It seems your mind has been made up with installing the pan. Good for you. It won't hurt anything, but if you think it will help you, all I could say is that there is a slim possibility it could help. Problem is you have now cut the pan. What happens when the pan leaks? You're back to square #1.
 
You could accomplish the same waterproofing by simply waterproofing the drywall behind the W/H. Honestly, this makes as much sense as building another roof on top of your existing roof, just in case you develop a leak in the existing roof. If you W/H fails, it will most likely just stop working. The second biggest failure is springing a leak in your supply lines, which you will soon find out the pan will do you no good, since water will soak the drywall from the ceiling to the floor. Yes, water heaters sometimes explode, but again, that pan will not help you. Where your pan will help is if you develop a slow leak, and if the water slowly drips out and if the water accumulates within the pan and if it will drip safely away from the drywall. Yep, lots of ifs to consider.

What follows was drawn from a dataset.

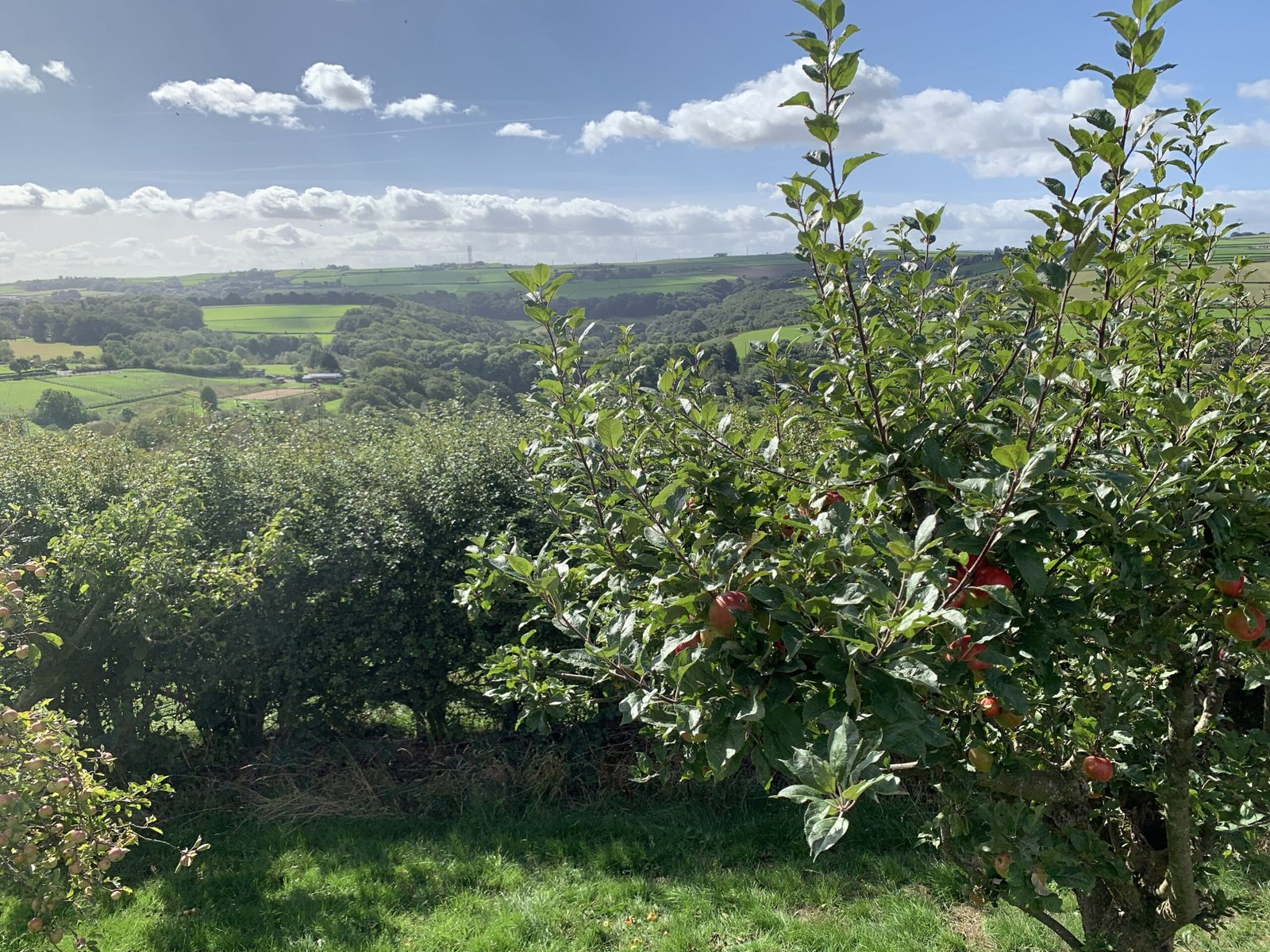 Apples growing in the Copster Barn orchard with open Yorkshire countryside beyond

It seems your mind has been made up with installing the pan. Good for you. It won't hurt anything, but if you think it will help you, all I could say is that there is a slim possibility it could help. Problem is you have now cut the pan. What happens when the pan leaks? You're back to square #1.


Hi Havasu, those are all great points. I was simply trying to put my mind at ease based on the comment from the general contractor saying that I need a drain pan there to eliminate a super costly repair if the W/H unit itself leaks. I wasn't really sure the most likely method of failure from a water heater but he made me think it was most likely to fail with a leak.

If I modify the pan, it will only be on the very front part that would overhang beyond the flat surface it is sitting on. The rest of the pan would be stock so only a manufacturer defect would cause a leak back into the wall.

I appreciate all your advice. Do you think its possible for me to get the water heater to go up 1/4 inch without damaging anything? Not sure the safest way to lift it up though.
 
It's going to be a tough job. All I could think of is to loosen the earthquake straps, then use a 2x4 as a prybar from under it, and work slowly and carefully. The W/H's don't like to be lifted from any single point, so do it carefully.
 
It's going to be a tough job. All I could think of is to loosen the earthquake straps, then use a 2x4 as a prybar from under it, and work slowly and carefully. The W/H's don't like to be lifted from any single point, so do it carefully.

Ok thank you so much for the advice!